New J School Requires Flexibility, Transparency, AZ State U Dean Says

PHOENIX – Constructing a new journalism building in this time of turmoil in the news business required planning versatility into the space so that it can change as journalism changes, Christopher Callahan, dean of Arizona State University’s Walter Cronkite School of Journalism and Mass Communication, said Monday.

The school is celebrating a weeklong “Cronkite Week” to honor the opening of its 100,000-square-foot building in downtown Phoenix. It invited the National Press Club to present its centennial documentary, “The National Press Club: A Century of Headlines,” as the opening event.

“While building the school, we were very cognizant of the fact that the business was changing rapidly,” Callahan told Gil Klein, director of the Club’s Centennial Education Forum, who presented the documentary and answered questions about the Club.

“You will see very few walls in this building,” Callahan said. “ Even in our big TV studios, it is basically all one big room. We did that because we wanted to keep it highly flexible. The one constant is that the news business will change, and we want to be able to easily adapt the building to the changes.”

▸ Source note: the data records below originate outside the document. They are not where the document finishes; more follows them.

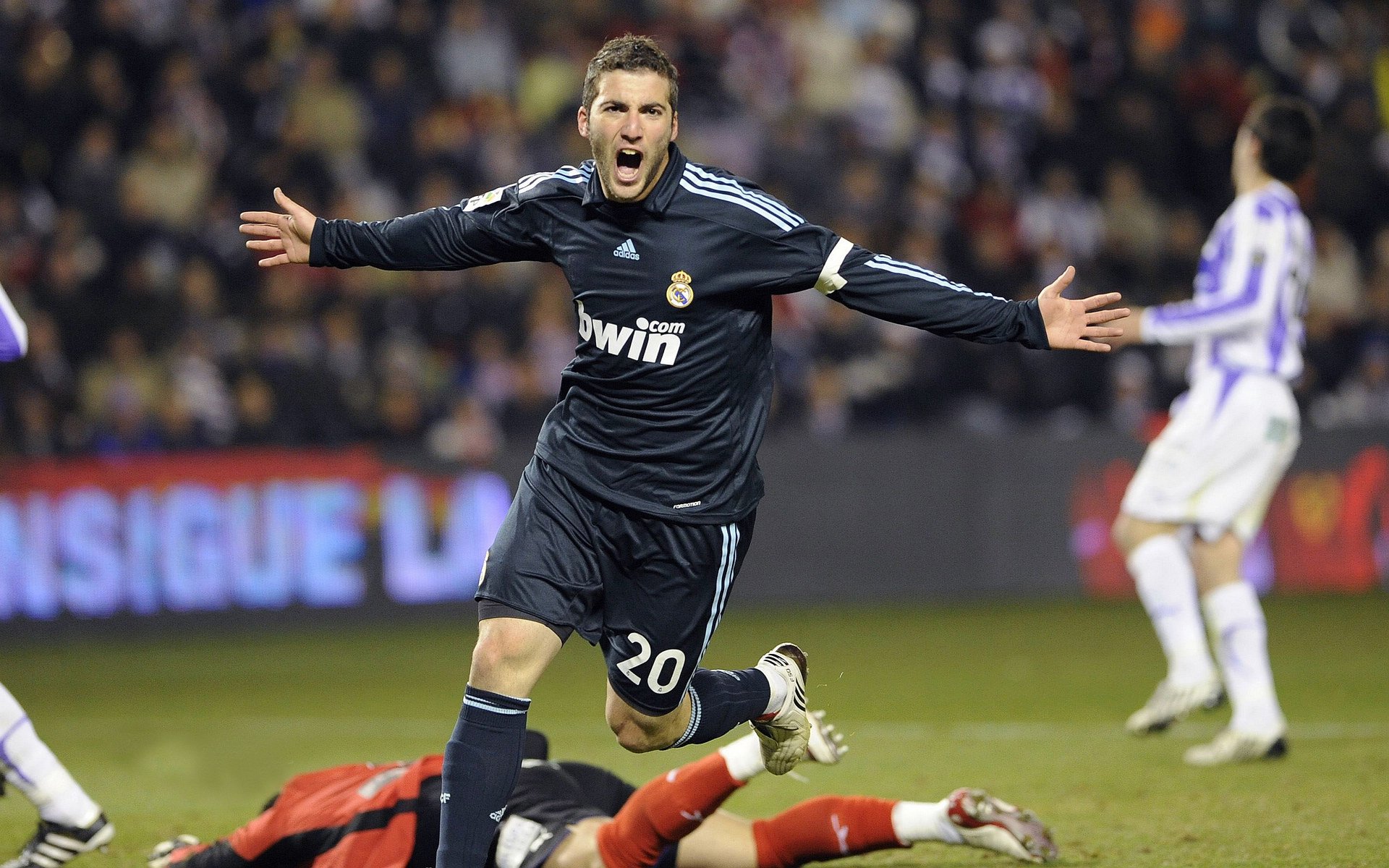 “笑声与奔跑同行！牛仔3K亲子跑点燃香港街头”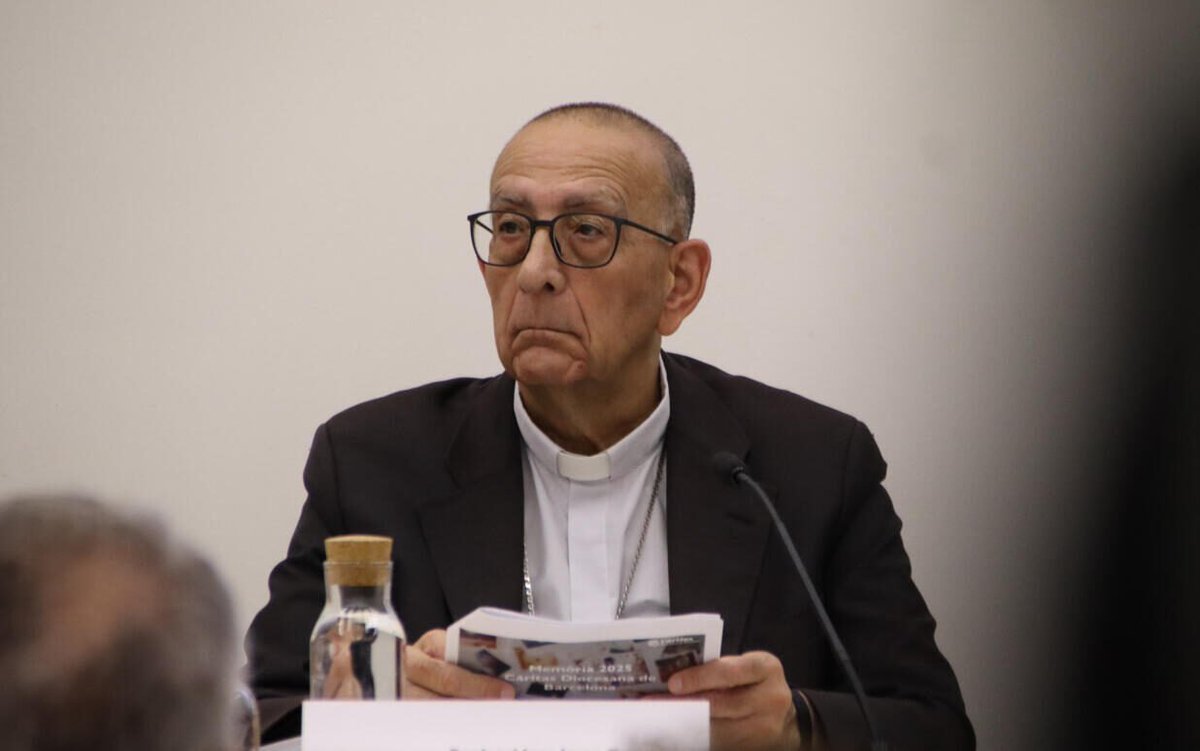 lluisbrunet's tweet photo. VOLEM BISBES QUE TREBALLIN PER LA CULTURA I LES PERSONES DELS PAÏSOS CATALANS.

No volem vividors de la mamella espanyolista.
L'únic que té de cristià, les disfresses i prou...

Els franquistes/feixistes no teniu principis, més enllà de l’odi i la prepotència” https://t.co/ZlPP0NCHsS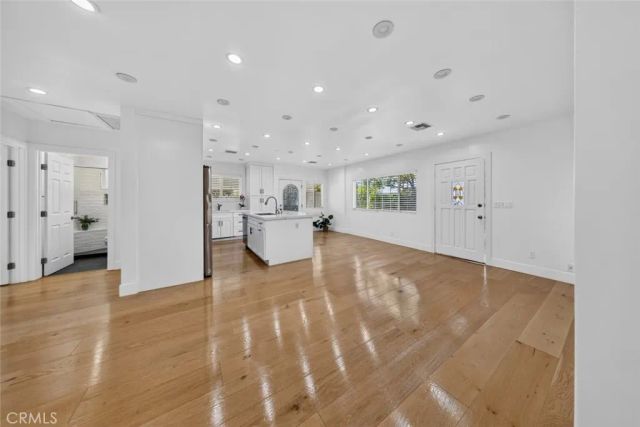 7502 Farmdale Avenue, North Hollywood, CA 91605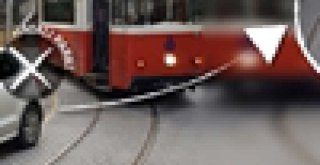 ​TRAMVAY SEFERLERİNE 160 KEZ HATALI PARK ENGELİ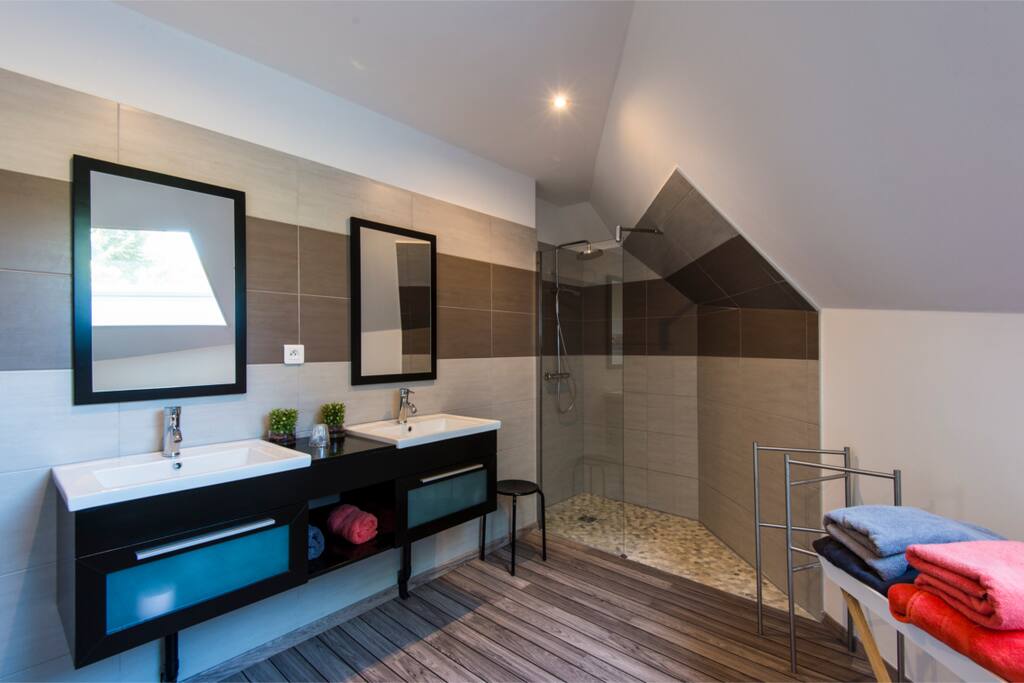 Salle de bain avec douche à l'italienne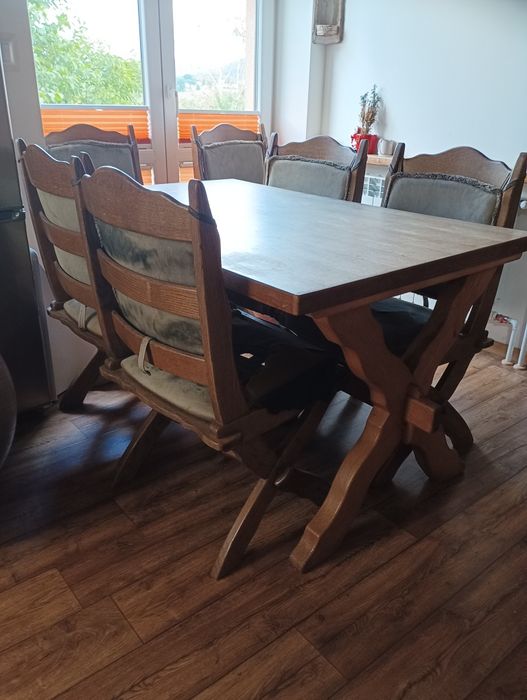 Stół dębowy z 6 krzesłami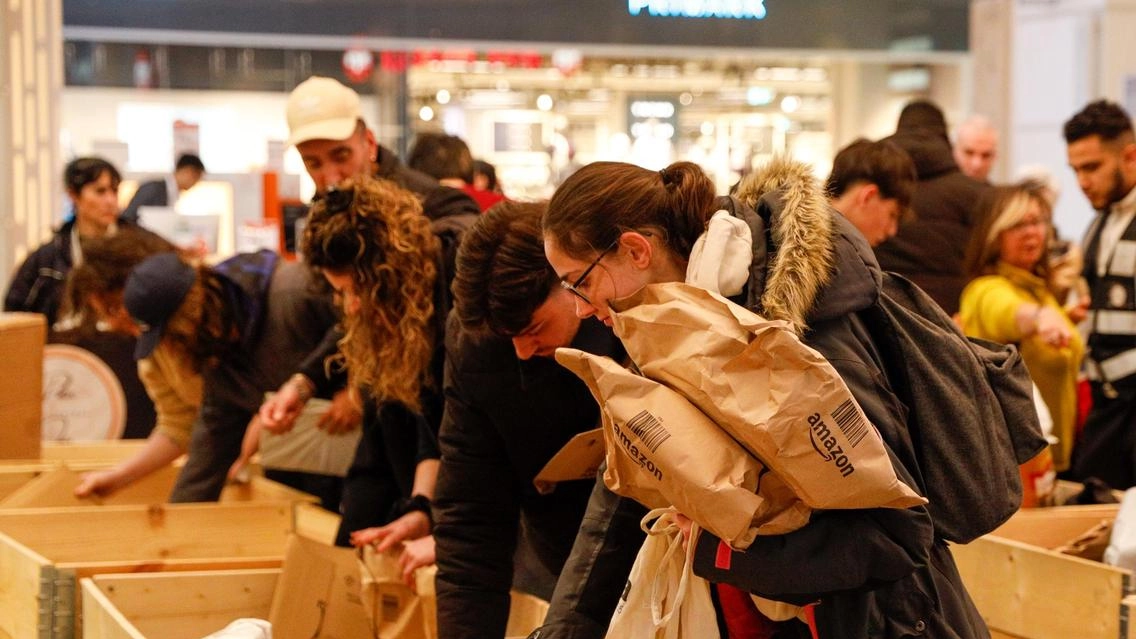 Quattromila persone finora ai Gigli per comprare le confezioni ’dimenticate’ a prezzi stracciati. C’è chi è arrivato da La Spezia e Arezzo. "Ci proviamo, poi magari rivendiamo tutto online". . Quattromila persone finora ai Gigli per comprare le confezioni ’dimenticate’ a prezzi stracciati. C’è chi è arrivato da La Spezia e Arezzo. "Ci proviamo, poi magari rivendiamo tutto online". .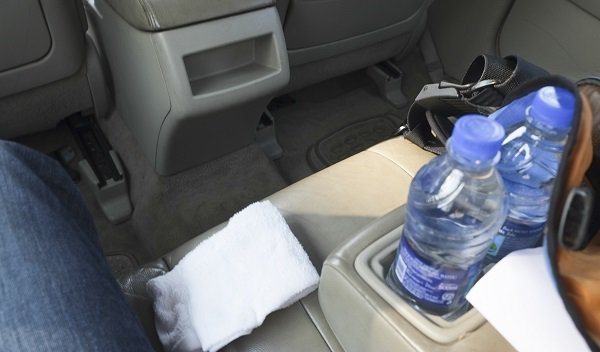 Hati-hati Menyimpan Botol Air Kemasan di Mobil, Bisa Terbakar Lho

Walk through the building, and one can see its transparency, he said. Wherever you are, you can see what the students are doing. And the students in the newsroom can see out, both into the hallways and into the city.

Everything about the curriculum also has had to change, he said, to meet the rapid changes in the business. Students, especially those in the print sequence, must learn to present their stories on any platform.

But at the same time, he said, they must be steeped in the traditions and ethics of journalism and in the timeless basic skills of gathering information, checking it for accuracy, and producing it in a clear, concise way.

“We need to redouble our efforts on those traditional journalism values while we are going down this other path of exploring multimedia technology,” Callahan said.

The basic writing class is more traditional than it has ever been, he said, because the skills that online journalism requires are the same skills that a wire service reporter has always had: Producing instant breaking news by gathering information quickly and accurately and disseminating it in a very simple form. Only after students have mastered those skills do they go on to learn about multimedia forms of reporting, Callahan said.

Despite the bad news about the journalism business, students are still flocking to the major, he said.

“Young people are more engaged in civic life than at any time in my lifetime,” Callahan said. “And there is so much media, and they are so media savvy growing up with this technology. While this new technology might frighten me, it excites them.”

And jobs are not impossible to get, he said. Pointing toward the Arizona Republic building near the campus, he noted that while that newspaper is shedding a lot of experienced, expensive reporters, it is hiring younger, cheaper reporters who have the new multimedia skills.